Even with more stable neighbours like Egypt and Jordan, who recognize Israel and have diplomatic relations (unlike Lebanon and Syria), the proximity and conflicts in the region create from very weird international situations.

On the vacation part of my trip, I took a day trip to Petra, in Jordan. Our tour bus picked us up in Tel Aviv at an absolutely unholy hour (2am) so we could be at the Jordanian border by morning. But then, if the country is so small, why was it such a long drive?

We stopped for gas near the Allenby Bridge, a border crossing about 30km from Jerusalem and about an hour’s drive from Tel Aviv. If we crossed there, it likely could have shaved many hours off our drive (and let us sleep in!). But Allenby is meant to be the main crossing for Palestinians into Jordan and until recently, the only way for both Palestinians and Israeli Muslims to go on the Hajj. Non-Muslim Israelis cannot cross at Allenby, and there are limits on visas and entry for foreign tourists.

So, as we were on an Israeli tour bus, we instead drove 250 km south, all the way down to the Red Sea, where there is a border crossing that Israelis and foreign tourists can cross into Jordan normally. We then backtracked back north, just on the Jordanian side, to get to Petra.

At our crossing by the Red Sea

It was one more interesting real-life experience of the complexities of the geopolitics here.
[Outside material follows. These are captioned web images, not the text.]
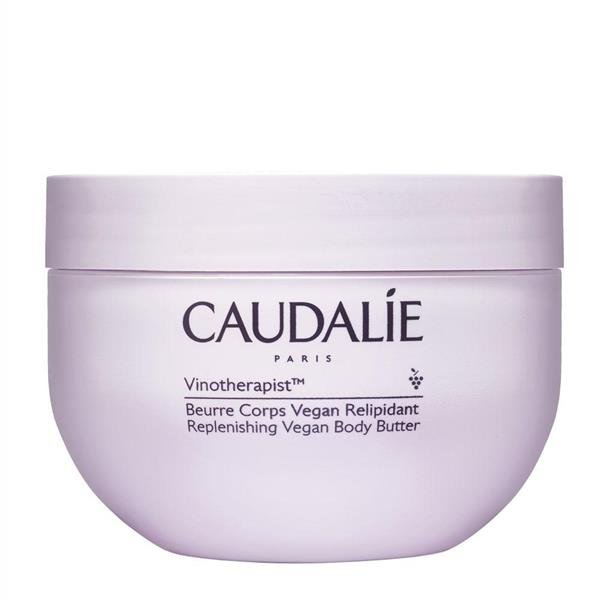 Caudalie Vinotherapist Vegan Body Butter - 250 mL - Direct2Customer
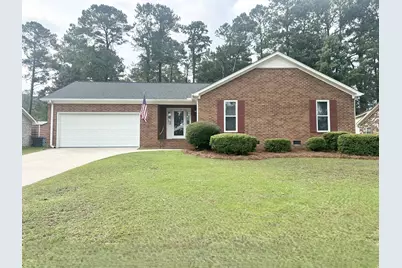 4358 Quail Creek Road, Martinez, GA 30907 - Photo 1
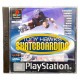Tony Hawk's Skateboarding PS1 używana ENG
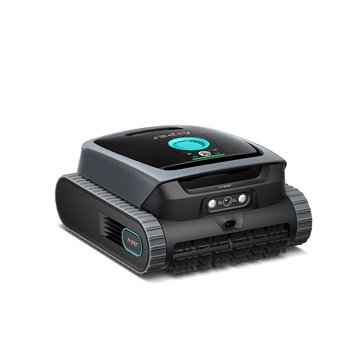 Aiper akkumulátoros medencetisztító robot - Aiper Scuba V3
And as for the long drive, it was totally worth it. Petra is stunning.

ISRAEL: The Western Wall and Temple Mount

The day we flew in to Israel, our group poured off the 11 hour flight from Toronto to Tel Aviv, got into a bus, and took a short drive up into the hills of Jerusalem. We were stupid with jetlag, but as the bus came around a turn, we all gasped – we could see the golden Dome of the Rock on the Temple Mount.
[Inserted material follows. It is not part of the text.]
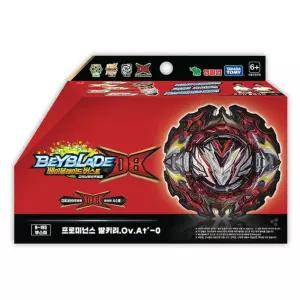 (영실업) 베이블레이드 B-195 프로미넌스 발키리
Metre for metre, the Old City of Jerusalem is probably the most contested and controversial piece of land in the world, and the Temple Mount is quite literally at the centre of it. This is where wars have been fought, both historic and modern, and the competing religious and political forces pulling on this one place continue to make it a flashpoint.

The Temple Mount has the distinction of being the holiest site in Judaism, the location of the Second Temple, the very heart of Jewish life, religion, and identity, before it was destroyed by the Romans in 70CE as part of crushing Jewish revolts against their rule. To massively oversimplify history, Jews were later banned from visiting Jerusalem in 132CE, and Roman persecution through that time period led to Jewish communities fleeing in all directions, starting the diaspora. Unsurprisingly, this spot underpins the modern State of Israel and the idea of a return to rebuild their homeland.

The outline of where the Second Temple stood over the current Dome of the Rock.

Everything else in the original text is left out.